Concerned code in this file : https://github.com/CIRCL/AIL-framework/blob/1f8c858c777a7da59134d257d7defb464dc487e5/bin/import_dir.py#L70

Notice : It could also lead to an exploitable vulnerabilty

src7 commented 4 years ago

Hello,

For now I use this workaround to rename to_import/1970/01/01/api_scrape_item.php?i=aZe0Rt1Y to to_import/1970/01/01/aZe0Rt1Y.txt in batch in a very efficient way.

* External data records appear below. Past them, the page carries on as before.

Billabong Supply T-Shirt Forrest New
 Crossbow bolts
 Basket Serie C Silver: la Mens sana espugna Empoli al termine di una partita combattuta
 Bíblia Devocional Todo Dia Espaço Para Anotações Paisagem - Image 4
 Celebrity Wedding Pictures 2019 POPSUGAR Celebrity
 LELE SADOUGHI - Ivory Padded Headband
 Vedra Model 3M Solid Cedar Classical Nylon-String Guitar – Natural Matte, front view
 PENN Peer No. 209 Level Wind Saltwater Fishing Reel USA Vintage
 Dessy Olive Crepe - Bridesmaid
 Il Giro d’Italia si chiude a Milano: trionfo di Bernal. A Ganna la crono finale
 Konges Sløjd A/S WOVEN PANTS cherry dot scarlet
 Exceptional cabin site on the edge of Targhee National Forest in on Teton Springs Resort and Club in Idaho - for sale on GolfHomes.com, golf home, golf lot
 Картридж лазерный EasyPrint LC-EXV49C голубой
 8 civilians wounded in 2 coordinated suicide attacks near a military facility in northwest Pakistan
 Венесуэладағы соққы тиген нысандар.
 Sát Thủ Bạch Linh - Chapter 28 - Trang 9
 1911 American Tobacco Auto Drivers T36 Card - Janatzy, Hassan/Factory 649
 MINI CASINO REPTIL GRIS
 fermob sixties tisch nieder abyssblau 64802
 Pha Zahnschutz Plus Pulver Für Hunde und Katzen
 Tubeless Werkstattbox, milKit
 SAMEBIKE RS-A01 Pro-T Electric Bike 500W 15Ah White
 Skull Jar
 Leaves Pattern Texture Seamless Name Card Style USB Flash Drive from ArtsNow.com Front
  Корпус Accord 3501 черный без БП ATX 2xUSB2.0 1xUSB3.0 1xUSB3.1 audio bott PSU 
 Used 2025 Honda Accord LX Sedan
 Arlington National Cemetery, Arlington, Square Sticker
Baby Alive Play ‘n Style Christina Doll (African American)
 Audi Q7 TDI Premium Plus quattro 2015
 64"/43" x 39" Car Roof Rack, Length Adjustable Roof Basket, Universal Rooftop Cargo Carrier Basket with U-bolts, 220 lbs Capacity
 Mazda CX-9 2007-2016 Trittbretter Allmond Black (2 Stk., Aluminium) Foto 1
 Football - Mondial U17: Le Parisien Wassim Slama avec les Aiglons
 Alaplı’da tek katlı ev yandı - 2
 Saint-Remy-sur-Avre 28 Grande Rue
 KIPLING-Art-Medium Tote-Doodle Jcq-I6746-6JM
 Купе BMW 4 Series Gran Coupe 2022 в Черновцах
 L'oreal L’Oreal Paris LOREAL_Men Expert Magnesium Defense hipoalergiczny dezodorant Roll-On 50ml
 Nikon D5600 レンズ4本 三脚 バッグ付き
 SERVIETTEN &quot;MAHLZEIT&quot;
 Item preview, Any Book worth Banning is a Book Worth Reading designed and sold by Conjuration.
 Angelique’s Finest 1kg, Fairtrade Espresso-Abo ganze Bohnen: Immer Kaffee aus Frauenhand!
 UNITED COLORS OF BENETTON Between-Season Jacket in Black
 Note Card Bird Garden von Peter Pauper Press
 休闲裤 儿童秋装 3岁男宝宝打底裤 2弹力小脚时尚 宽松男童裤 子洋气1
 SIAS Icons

Command (in the to_import folder) mmv ';*\=*' '#1#3.txt' (use -n to test before)

Terrtia commented 4 years ago

Hi @Nedfire2347 @src7 ! Thanks for the report !

The issue is related to the white-space in the path. (we use this separator in the Mixer module)

Fixed with 72fe8a2

src7 commented 4 years ago

Hi,

what about the ? and the = ?

Terrtia commented 4 years ago

you right ! I removed some special characters with bdf2fce332312554e574682b26b13793b4963f78

src7 commented 4 years ago

Nice

(it is a bit extreme but two files named &.txt and ?.txt can't coexist then ? Not a problem for me)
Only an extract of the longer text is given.